Transports - La Cour des comptes épingle la gestion de l'aéroport de Beauvais
Dans un référé rendu public ce 19 juin, la Cour des comptes étrille la gestion de l'aéroport de Beauvais, dénonçant en particulier les "accords illicites" conclus avec la compagnie irlandaise Ryanair.
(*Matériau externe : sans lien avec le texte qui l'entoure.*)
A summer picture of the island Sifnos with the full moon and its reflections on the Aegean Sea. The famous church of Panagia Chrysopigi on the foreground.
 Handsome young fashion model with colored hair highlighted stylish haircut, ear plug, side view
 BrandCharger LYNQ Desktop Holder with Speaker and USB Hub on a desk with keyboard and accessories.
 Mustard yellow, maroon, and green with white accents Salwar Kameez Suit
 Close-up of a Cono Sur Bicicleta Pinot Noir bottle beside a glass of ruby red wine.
C’est un référé particulièrement sévère qu’a publié la Cour des Comptes ce 19 juin à propos de la gestion de l’aéroport de Beauvais qui a fondé son développement depuis le début des années 2000 sur le succès des compagnies aériennes à bas coûts. Avec plus de 4 millions de passagers en 2014, il se situe au 10e rang des aéroports métropolitains pour le nombre de passagers et à la 4e place pour les destinations proposées. Les magistrats de la rue Cambon se sont intéressés aux trois organismes impliqués dans sa gestion : le syndicat mixte de l’aéroport de Beauvais-Tillé (Smabt), propriétaire de l’infrastructure depuis 2007, et qui associe aujourd’hui le département de l’Oise, la région Hauts-de-France et la communauté d’agglomération du Beauvaisis ; la société de gestion et d’exploitation de l’aéroport de Beauvais (Sageb), détenue par la chambre de commerce et d'industrie de l'Oise et le groupe Transdev, détentrice d’une délégation de service public pour exploiter la plateforme aéroportuaire ; la société par actions simplifiée unipersonnelle de transport Paris-Beauvais (SASU TPB), filiale à 100% de la Sageb, qui gère la ligne de transport entre l’aéroport et Paris-Porte Maillot.
Ristournes injustifiées
Selon la Cour, "malgré l’évolution importante du trafic aérien et du nombre de passagers (…), la rentabilité de l’exploitation de la plateforme aéroportuaire n’a pas progressé dans les mêmes proportions". Entre les remises commerciales "injustifiées" et les prestations "assurées à perte", les magistrats estiment que la Sageb "s'est privée d'environ 85 millions d'euros de produits, dont 78 millions au bénéfice de la seule compagnie Ryanair" entre 2008 et 2014. Ces ristournes "constituent des avantages importants et injustifiés", qui ont été accordés "sans aucune autorisation" du Smabt, entité propriétaire de l'aéroport, soulignent-ils.
La Cour conteste d'abord les tarifs des redevances aéroportuaires, "bien moindres" que ceux d'autres aéroports comparables mais compensés par les recettes de la liaison par autocar avec Paris, exploitée par TPB. "Les usagers de la ligne de bus (...) financent donc les services aéroportuaires, à la place des compagnies aériennes", estime-t-elle. Elle considère par ailleurs que "les activités d'assistance en escale pour le compte des compagnies aériennes sont (...) assurées à perte par la Sageb", qui conteste cette accusation mais indique "ne pas tenir de comptabilité commerciale séparée" pour ces prestations.
Ryanair avantagé
Principal bénéficiaire de ces avantages, Ryanair génère depuis vingt ans plus de 80% du trafic de l'aéroport, mais "seule une télécopie tient lieu de contrat (...) de 2002 à 2012", rendant l'accord "juridiquement fragile" et "préjudiciable" à la Sageb, qui a concédé au fil des ans des rabais croissants à son principal client. Ces arrangements n'ont fait "l'objet d'aucune notification" à l'Etat ni à la Commission européenne et "l'analyse des échanges entre Ryanair et la Sageb démontre l'intention délibérée des parties de déroger" aux tarifs en vigueur, constate la Cour.
Les magistrats déplorent aussi les "lacunes" du Smabt, l'absence de réaction du préfet et les manquements des commissaires aux comptes. Ils estiment qu’il faudrait modifier les dispositions du code de l’aviation civile, par voie réglementaire, afin de soumettre les redevances et tarifs appliqués aux compagnies aériennes au contrôle et à l’homologation de l’autorité administrative et/ou de l’autorité de supervision indépendante pour les aéroports décentralisés dont le trafic est supérieur, par exemple à 2 millions de passagers par an, contre plus de 5 millions aujourd’hui. Ils demandent aussi à l'Etat d'"analyser les impacts fiscaux des accords illicites entre la compagnie Ryanair et le gestionnaire de l'aéroport" de Beauvais.